■ **What you need to do**
From the records below, set down exactly the lines starting with the line that contains "Plafoniera Modern in" and going on through the line that contains "Façade De Cage En Métal 60x30cm - Fauna 3". Nothing else is wanted.

Dataset records:
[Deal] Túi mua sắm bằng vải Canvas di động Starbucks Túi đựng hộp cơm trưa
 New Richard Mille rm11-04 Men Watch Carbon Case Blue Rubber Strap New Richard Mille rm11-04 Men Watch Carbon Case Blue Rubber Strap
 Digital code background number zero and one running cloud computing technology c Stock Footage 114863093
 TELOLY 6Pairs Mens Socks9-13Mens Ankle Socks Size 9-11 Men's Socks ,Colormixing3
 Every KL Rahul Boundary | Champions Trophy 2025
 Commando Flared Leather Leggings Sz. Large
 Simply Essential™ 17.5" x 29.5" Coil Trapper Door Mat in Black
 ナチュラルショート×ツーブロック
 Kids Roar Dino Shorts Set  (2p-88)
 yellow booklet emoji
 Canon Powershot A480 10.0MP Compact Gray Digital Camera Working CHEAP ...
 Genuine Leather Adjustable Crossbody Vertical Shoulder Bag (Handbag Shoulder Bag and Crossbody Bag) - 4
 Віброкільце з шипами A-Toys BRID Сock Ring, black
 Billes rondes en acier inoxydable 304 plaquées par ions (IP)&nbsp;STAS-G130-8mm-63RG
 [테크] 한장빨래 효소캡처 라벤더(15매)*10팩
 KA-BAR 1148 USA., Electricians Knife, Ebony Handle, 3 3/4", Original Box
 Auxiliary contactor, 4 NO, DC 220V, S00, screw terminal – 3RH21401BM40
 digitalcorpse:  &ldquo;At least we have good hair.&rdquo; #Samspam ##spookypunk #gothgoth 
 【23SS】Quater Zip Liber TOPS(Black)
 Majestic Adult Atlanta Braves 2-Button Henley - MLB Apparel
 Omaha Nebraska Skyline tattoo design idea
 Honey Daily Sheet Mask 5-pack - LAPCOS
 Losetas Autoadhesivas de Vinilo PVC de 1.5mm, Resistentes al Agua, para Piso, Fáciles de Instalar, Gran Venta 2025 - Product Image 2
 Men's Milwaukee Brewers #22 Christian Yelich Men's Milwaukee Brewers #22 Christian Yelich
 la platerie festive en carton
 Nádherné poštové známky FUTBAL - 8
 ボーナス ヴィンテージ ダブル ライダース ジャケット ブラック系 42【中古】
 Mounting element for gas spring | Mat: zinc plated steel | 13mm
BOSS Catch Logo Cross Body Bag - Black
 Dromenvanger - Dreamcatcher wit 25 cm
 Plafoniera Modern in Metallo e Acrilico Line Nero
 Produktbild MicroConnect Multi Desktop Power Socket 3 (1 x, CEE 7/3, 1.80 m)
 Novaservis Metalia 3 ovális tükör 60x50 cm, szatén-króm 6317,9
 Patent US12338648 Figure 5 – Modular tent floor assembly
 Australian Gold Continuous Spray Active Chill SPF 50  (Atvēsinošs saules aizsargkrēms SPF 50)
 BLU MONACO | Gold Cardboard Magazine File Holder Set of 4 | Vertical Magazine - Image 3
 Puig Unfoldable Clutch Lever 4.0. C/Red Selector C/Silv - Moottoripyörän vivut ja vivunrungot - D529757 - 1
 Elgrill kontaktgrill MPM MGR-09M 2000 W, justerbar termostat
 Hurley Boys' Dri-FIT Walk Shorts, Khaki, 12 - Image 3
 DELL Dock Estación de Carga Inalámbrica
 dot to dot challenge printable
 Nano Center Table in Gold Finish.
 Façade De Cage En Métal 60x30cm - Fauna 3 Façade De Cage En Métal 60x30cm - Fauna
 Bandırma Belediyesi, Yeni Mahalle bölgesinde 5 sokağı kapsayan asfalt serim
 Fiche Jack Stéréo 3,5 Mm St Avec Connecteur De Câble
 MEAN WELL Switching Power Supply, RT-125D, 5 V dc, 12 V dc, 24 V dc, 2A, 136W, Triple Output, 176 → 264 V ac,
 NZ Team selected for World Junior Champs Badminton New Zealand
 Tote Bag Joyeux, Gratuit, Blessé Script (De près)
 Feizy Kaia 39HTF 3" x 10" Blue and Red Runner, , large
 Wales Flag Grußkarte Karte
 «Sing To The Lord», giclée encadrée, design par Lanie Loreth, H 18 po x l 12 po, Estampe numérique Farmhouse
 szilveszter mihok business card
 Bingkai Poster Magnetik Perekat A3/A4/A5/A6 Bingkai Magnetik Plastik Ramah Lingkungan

■ **Response**
 Plafoniera Modern in Metallo e Acrilico Line Nero
 Produktbild MicroConnect Multi Desktop Power Socket 3 (1 x, CEE 7/3, 1.80 m)
 Novaservis Metalia 3 ovális tükör 60x50 cm, szatén-króm 6317,9
 Patent US12338648 Figure 5 – Modular tent floor assembly
 Australian Gold Continuous Spray Active Chill SPF 50  (Atvēsinošs saules aizsargkrēms SPF 50)
 BLU MONACO | Gold Cardboard Magazine File Holder Set of 4 | Vertical Magazine - Image 3
 Puig Unfoldable Clutch Lever 4.0. C/Red Selector C/Silv - Moottoripyörän vivut ja vivunrungot - D529757 - 1
 Elgrill kontaktgrill MPM MGR-09M 2000 W, justerbar termostat
 Hurley Boys' Dri-FIT Walk Shorts, Khaki, 12 - Image 3
 DELL Dock Estación de Carga Inalámbrica
 dot to dot challenge printable
 Nano Center Table in Gold Finish.
 Façade De Cage En Métal 60x30cm - Fauna 3 Façade De Cage En Métal 60x30cm - Fauna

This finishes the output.